Você devolveria uma mala cheia de dinheiro?
ÉTICA, MORAL E SISTEMA FINANCEIRO
O que você faria se encontrasse uma mala cheia de dinheiro?
Esta é uma pergunta clássica quando se fala em ética. Uns dizem que devolveriam, outros que ficariam com o dinheiro, a maioria afirma que analisaria o contexto, buscando informação sobre o perdedor do precioso bem. Então a sua ética estaria vinculada à do infeliz perdedor da mala. Se fosse alguém que sacou todas suas economias para pagar uma cirurgia, devolveria. Mas se fosse um político corrupto e descuidado, não devolveria.
Tenho um grande amigo que sustenta que o gesto de devolver se constitui num comportamento ético e antinatural. Ninguém pode conscientemente renunciar algo que não tem. Se você não tem o dinheiro e o obtém num acaso imprevisível, somente uma imposição moral muito forte pode lhe convencer a devolver. Quem discutiria o ato de um mendigo deparar-se com um delicioso bombom caído no chão e comê-lo? Não haveria questionamento sobre a propriedade nem sobre o contexto ético e moral que envolveu a perda.

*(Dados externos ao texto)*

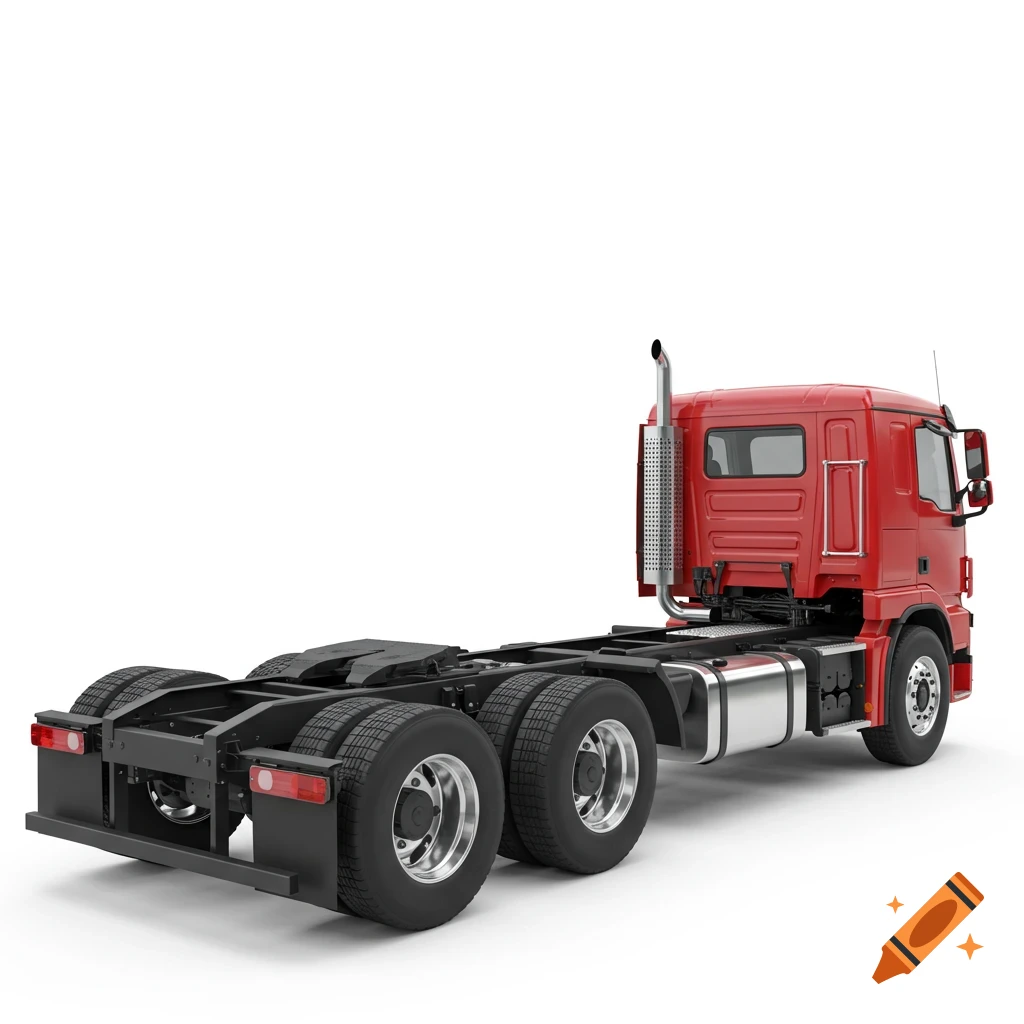 Red semi-truck chassis on a white background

Nossa sociedade tem revelado uma inversão de valores surpreendente. A legislação protege mais o patrimônio do que a própria vida. O capital se concentra cada vez mais nas mãos de quem tem maiores recursos. Todos assistimos pela televisão, jornais e revistas a saga do empresário-apresentador Silvio Santos, diante do rombo no seu Banco Panamericano. Ele conseguiu um empréstimo de dois e meio bilhões de reais para pagar em dez anos, com carência e sem juros. Ora, se fosse uma pessoa comum pedindo dois mil e quinhentos reais para pagar em dez meses, certamente se depararia com exigência de documentos, cadastro, garantias e ainda teria que suportar juros, TAC, IOF e todos os tipos de encargos, que elevariam sua dívida a três, quatro mil reais.

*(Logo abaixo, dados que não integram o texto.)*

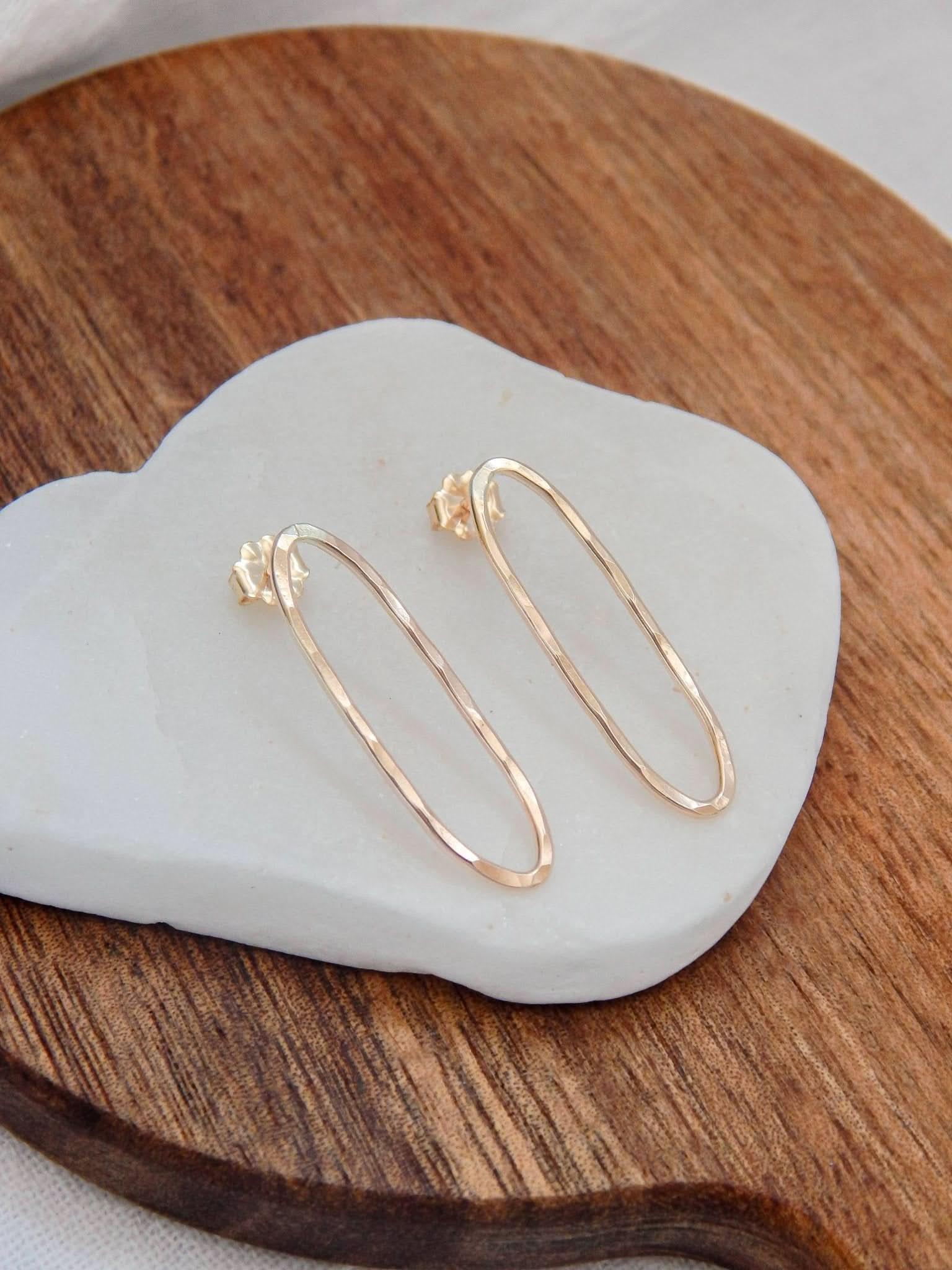 14k Hammered Oval Stud Earrings - Purpose + Passion Boutique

Mas por que o sistema pode emprestar bilhões de reais sem juros a alguém que repassa esse empréstimo a juros extorsivos? Dizem que quem empresta é um fundo garantidor, que tem por missão evitar que o sistema bancário seja implodido. Se um banco quebrasse e o governo não garantisse o dinheiro dos depositantes, ninguém mais manteria seus recursos nas casas bancárias. Então o chamado meio circulante seria muito maior e o governo seria obrigado a emitir muito mais papel-moeda. Difícil de entender, não é? O sistema se protege e as regras que valem para as dívidas do cidadão comum não se aplicam às dos bancos e dos governos.

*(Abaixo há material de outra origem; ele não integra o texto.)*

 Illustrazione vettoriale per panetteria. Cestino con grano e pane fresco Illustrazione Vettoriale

Você já parou para pensar em por que um cartão bancário serve em todos os lugares, menos nos outros bancos? Você paga com o seu cartão de débito ou de crédito as compras que faz em todos os lugares, se zanga quando o fornecedor não aceita pagamento em cartão. Até mesmo os vendedores ambulantes e os motoristas de táxi andam com aquelas maquininhas que tiram o dinheiro da sua conta e passam para a deles. Então, por que para pagar uma conta num banco você só pode usar o cartão daquele banco? O dinheiro não sai de sua conta e passa para a deles? Que diferença faz se você é ou não cliente daquele banco? A resposta é simples: as administradoras dos cartões cobram um percentual sobre cada transação; os bancos não gostam de pagar taxas, gostam é de cobrar.
O sistema financeiro tem transformado empresas e trabalhadores em devedores caloteiros. A concentração de valores nas mãos de grandes grupos financeiros torna a população refém dos banqueiros, que podem tomar empréstimos sem juros ou a taxas reduzidas para repassar à população comum, às empresas pequenas e médias, cobrando as maiores taxas do mundo e com a garantia de que poderão buscar o amparo de um fundo garantidor se seus negócios não derem certo.
Fica cada vez mais importante, para sobreviver no mundo moderno, seguir o ensinamento ancestral que recebemos de nossos pais: viva com modéstia, não gaste tudo o que tem, pague em dia as suas contas e, principalmente, não tome empréstimos.